▸ Problem description
For this exercise, please transcribe exactly and only the lines from the one containing "Schmaler Kleiderschrank mit" through the end of the material, both ends included, without pictures.

▸ Dataset excerpt

┌────────

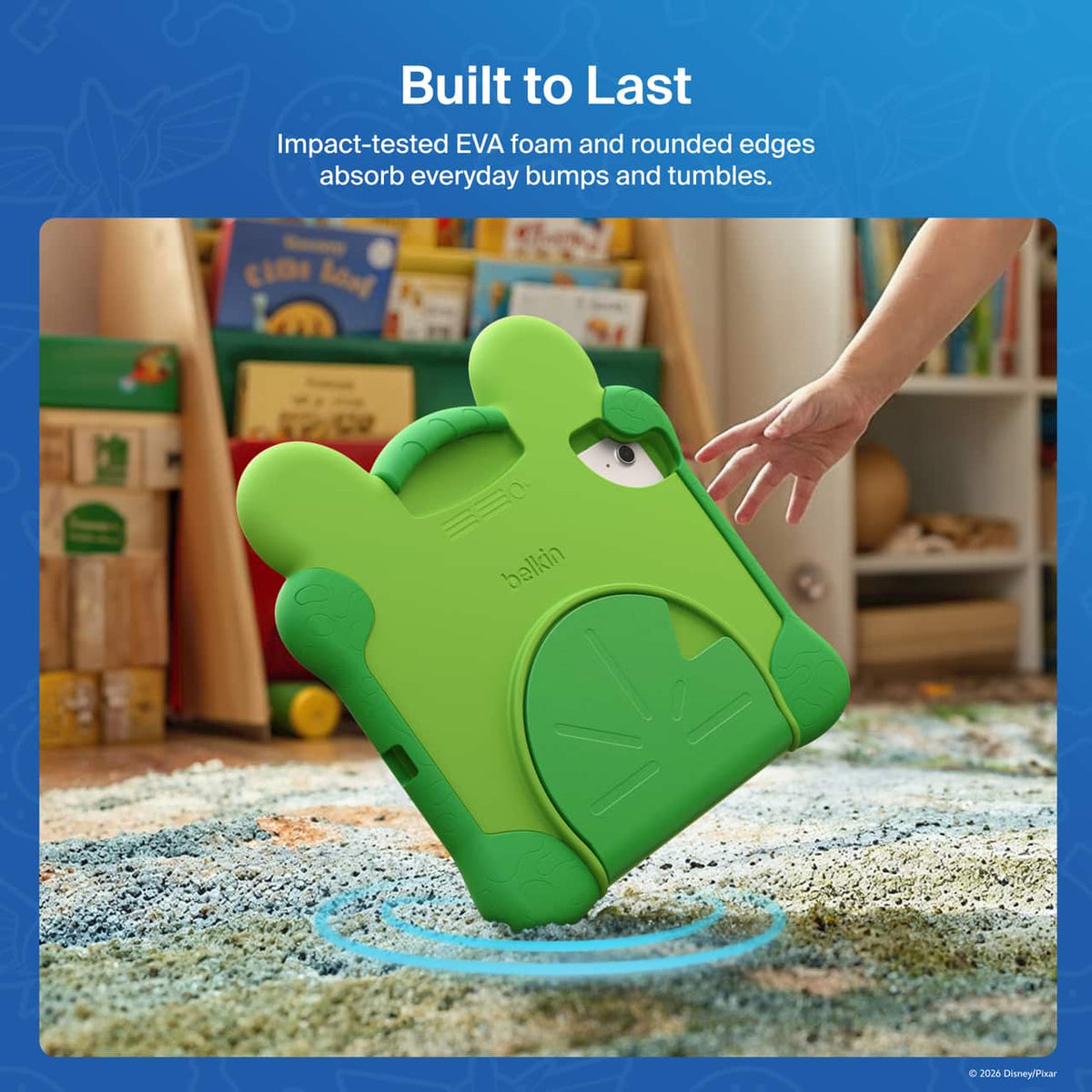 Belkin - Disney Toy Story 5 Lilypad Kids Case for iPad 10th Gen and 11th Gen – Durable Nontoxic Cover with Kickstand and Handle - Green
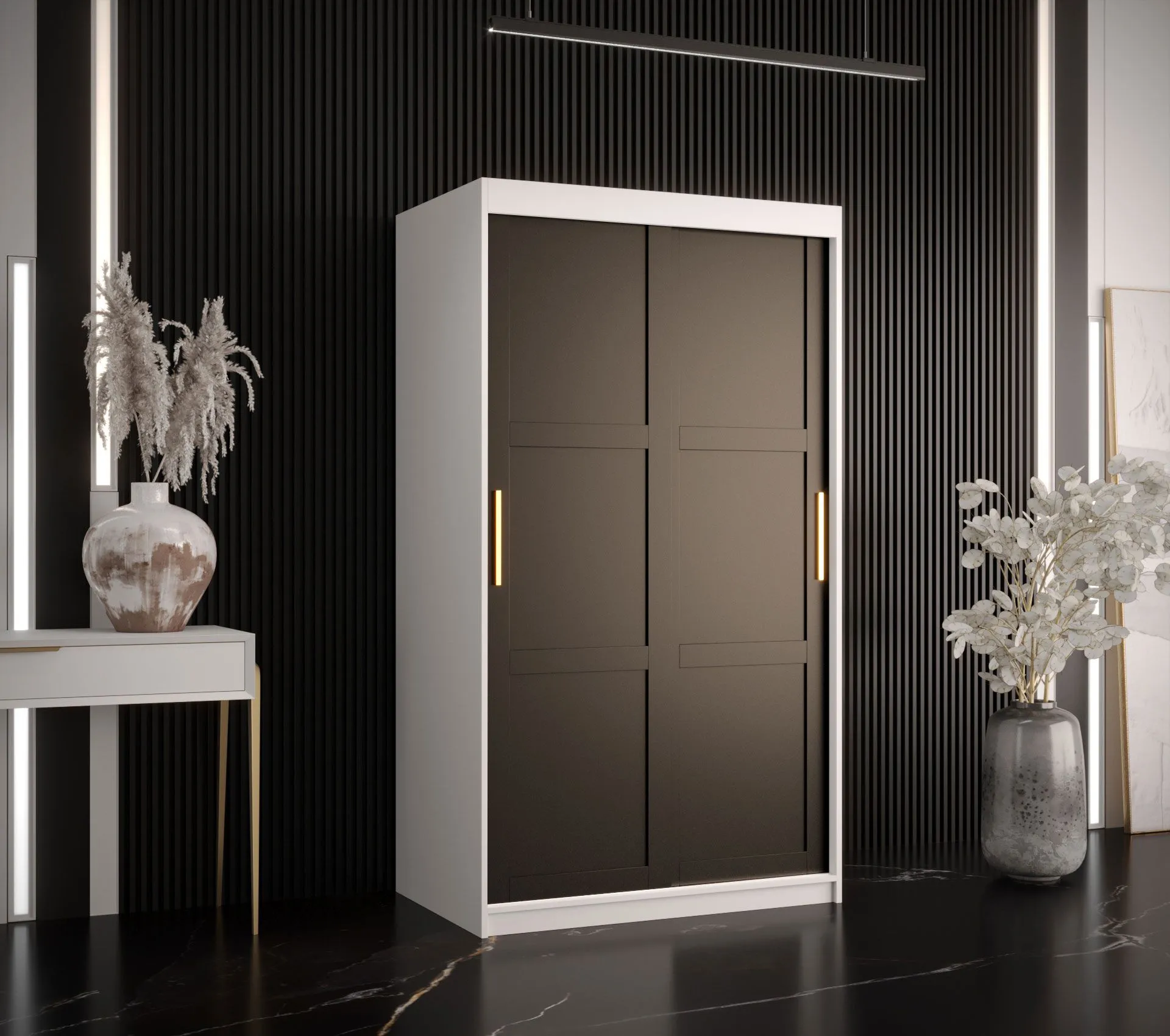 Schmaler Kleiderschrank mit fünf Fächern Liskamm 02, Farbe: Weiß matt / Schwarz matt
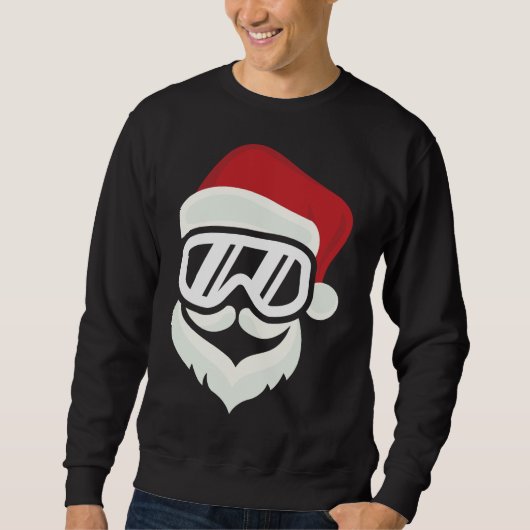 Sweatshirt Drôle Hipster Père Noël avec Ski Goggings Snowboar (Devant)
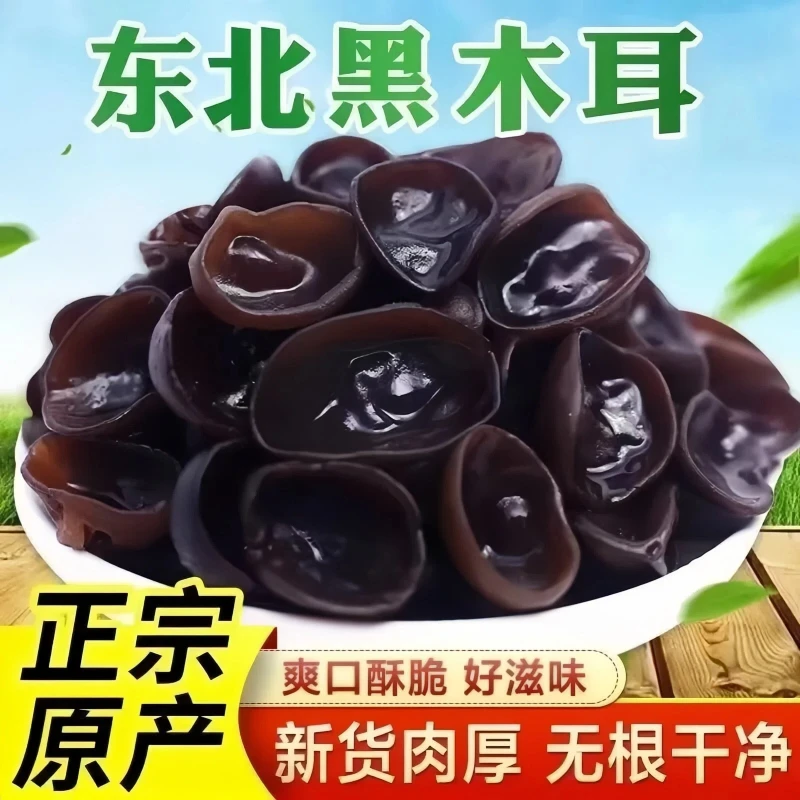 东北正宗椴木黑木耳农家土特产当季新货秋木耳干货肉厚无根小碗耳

└────────

▸ Result for this exercise
 Schmaler Kleiderschrank mit fünf Fächern Liskamm 02, Farbe: Weiß matt / Schwarz matt
 Sweatshirt Drôle Hipster Père Noël avec Ski Goggings Snowboar (Devant)
 东北正宗椴木黑木耳农家土特产当季新货秋木耳干货肉厚无根小碗耳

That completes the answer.